First of all, happy birthday! The proper start of a new decade is always exciting (although without wanting to be a total downer, the 20s kinda suck. The 30s are much better. Trust me.) And welcome! Your godmother has introduced you to the hellish world of what I call Feminine Maintenance. Feminine Maintenance refers to the various time-consuming, wallet-draining, self-lobotomising treatments one submits oneself to in order to be considered acceptable feminine by important people such as glossy magazine writers and deranged men who think women should look like Barbie dolls under their clothes.

It's pretty goddamn easy to construct a feminist argument against Feminine Maintenance – look! I just did it in the paragraph above without even breaking into an unfeminine sweat! – but that is not our business here today. For a start, you've been given a treat for your birthday and, quite rightly, you want to use it. Second, not all Feminine Maintenance is some misogynist hell cooked up by the screenwriters of Death Becomes Her (a stonecold 1990s classic that has been undeservedly forgotten). Facials and massages, for a start, are delightful. But what really determines how good Feminine Maintenance is for your mind and soul is why you are doing it in the first place.

I'm going to let you in on a little trick, Maya, one that it took me until I was about 35 to figure out. The only reason you should ever engage in any kind of Feminine Maintenance is if it gives you – you, yourself, just you – pleasure. It's your money and time that's being spent here so if you're not actually enjoying the experience or results then there really is no point. This, I think you'll agree, rules out waxing and anything else that causes actual pain.

Next, know this now and know it well: there is no treatment that will make you look radically different. There! You are now smarter than the various female celebrities and misguided women who pay for ridiculous treatments with names like "blood transfusion facials" and "gold facials" and God knows what else. The most a facial will do is make you look vaguely better rested and better moisturised, no matter what the beautician promises.

There may come a time when you're older when you find yourself compelled to endure various treatments that aren't any fun but the results, to your mind, compensate for the pain. Hair colouring is one such example: as the great Nora Ephron wrote in her hilarious essay On Maintenance, "Sometimes I think that not having to worry about your hair any more is the secret upside of death," and ain't that the truth. Now that I am in the middle of my fourth decade I go for regular eyebrow threading appointments because without them I tend to confuse my reflection in the mirror with that of Bert from Sesame Street (God bless those hirsute Semitic roots). I don't do this for anyone else, just me, because finding yourself talking to your own reflection about Ernie and rubber ducks is just awkward.
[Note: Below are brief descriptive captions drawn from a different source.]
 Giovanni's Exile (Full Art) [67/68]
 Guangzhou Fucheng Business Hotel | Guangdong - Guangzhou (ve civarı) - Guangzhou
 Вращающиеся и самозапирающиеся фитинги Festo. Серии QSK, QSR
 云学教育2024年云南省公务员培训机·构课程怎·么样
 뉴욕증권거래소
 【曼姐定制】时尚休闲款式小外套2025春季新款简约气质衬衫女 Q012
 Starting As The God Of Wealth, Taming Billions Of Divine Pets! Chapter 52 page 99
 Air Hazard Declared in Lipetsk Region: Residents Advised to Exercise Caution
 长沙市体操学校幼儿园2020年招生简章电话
At least it is in public bathrooms.

But you are a spring chicken, Maya, so you don't need to think about any of this stuff. Moderation is your byword here: enjoy the occasional Feminine Maintenance if you so wish, but do not feel – no matter what stupid magazines tell you – that you are compelled to do it in order to be allowed to remain in respectable society. I recently saw an insane article in a national newspaper that claimed, because summer is near, "You will need a pedi every three to four weeks, a weekly mani, and a monthly leg and bikini wax." Seriously, who has the time or money to do this, let alone the inclination? This is not how women live. Women – by which I mean actual women, as opposed to made-up women in ridiculous articles – go for an occasional treatment when they can afford it and/or be bothered. And that brings us neatly back to you, Maya.

So let's look at your options here. Personally, I love going for pedicures because, as with a blow-dry, I can read while it's happening, which definitely gives it an advantage over facials and massages. Manicures last about half a day for me because I'm one of those weird people who uses their hands on a daily basis, but pedicures can last for weeks and they do make one's feet look rather jolly. The downside is that I have feet like an owl's talons and so I spend the whole 30 minutes of the treatment suspecting that the poor person who is forced to paint my toes is snickering with her colleagues in code about my talons.
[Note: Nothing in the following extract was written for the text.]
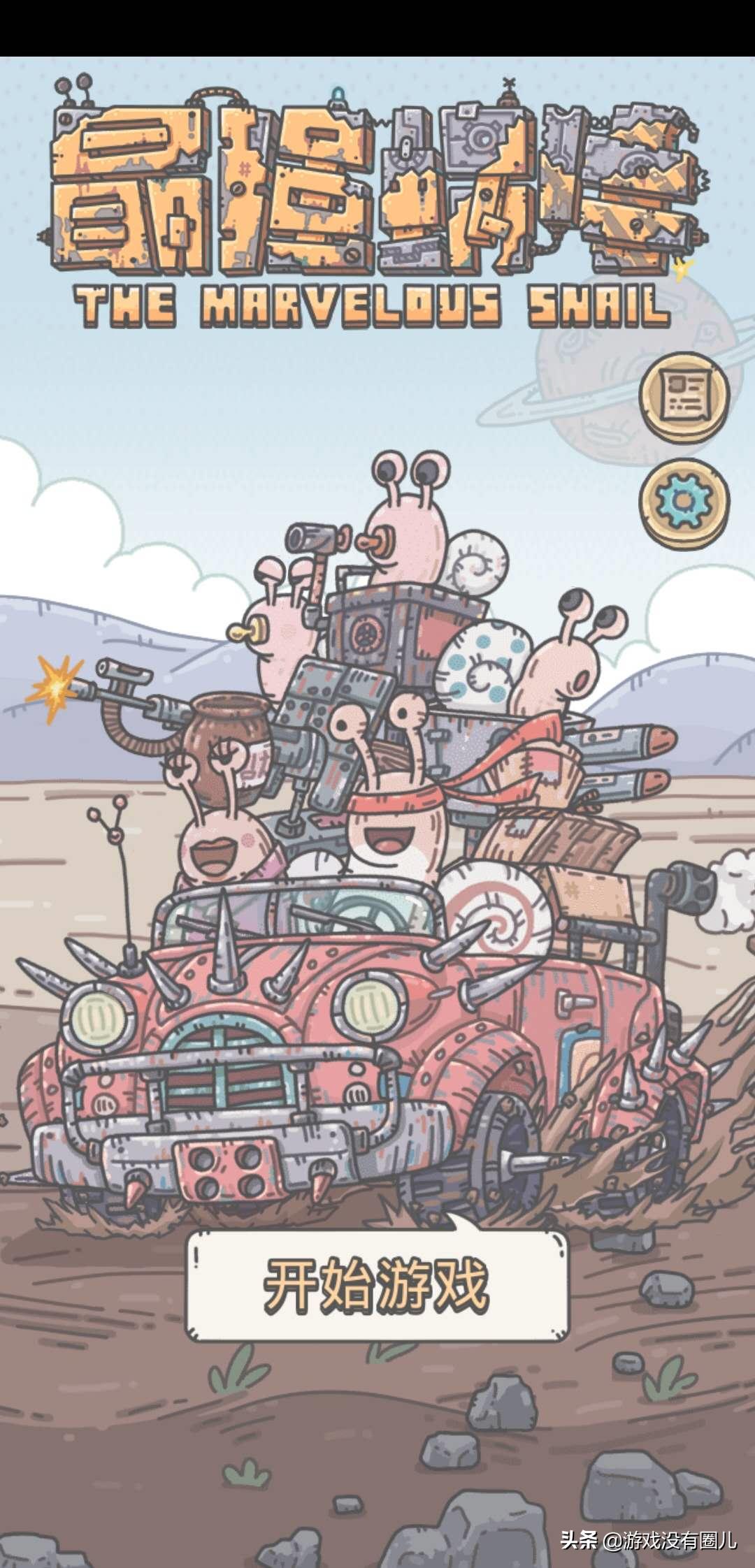 不可思议迷宫新手最强阵容,不思议迷宫新手最强攻略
My feeling about a blow-dry is that 21 is far too young to get on the nightmarish and endless Blow Dry Carousel, which results in you going to the hairdresser every four days to get another blow-out as you suddenly can't bear how you look without one. Maya, spare yourself this torture. For your entire life, ideally.

I'm a big fan of massages, but 21 is, again, way too young to get one. You don't need one yet. Wait until your muscles are gnarled up from a decade of going to work too often with a hangover and reading crappy tabloid articles about women's declining fertility rates.

A facial, on the other hand, is a lovely experience and while you probably don't need to worry too much about rehydrating your skin, it doesn't ever hurt to get it cleaned by a professional.

So there you go: go for a pedicure and get some change for another treatment later, or get a facial. But most of all, enjoy yourself, because it's your treat. Happy birthday.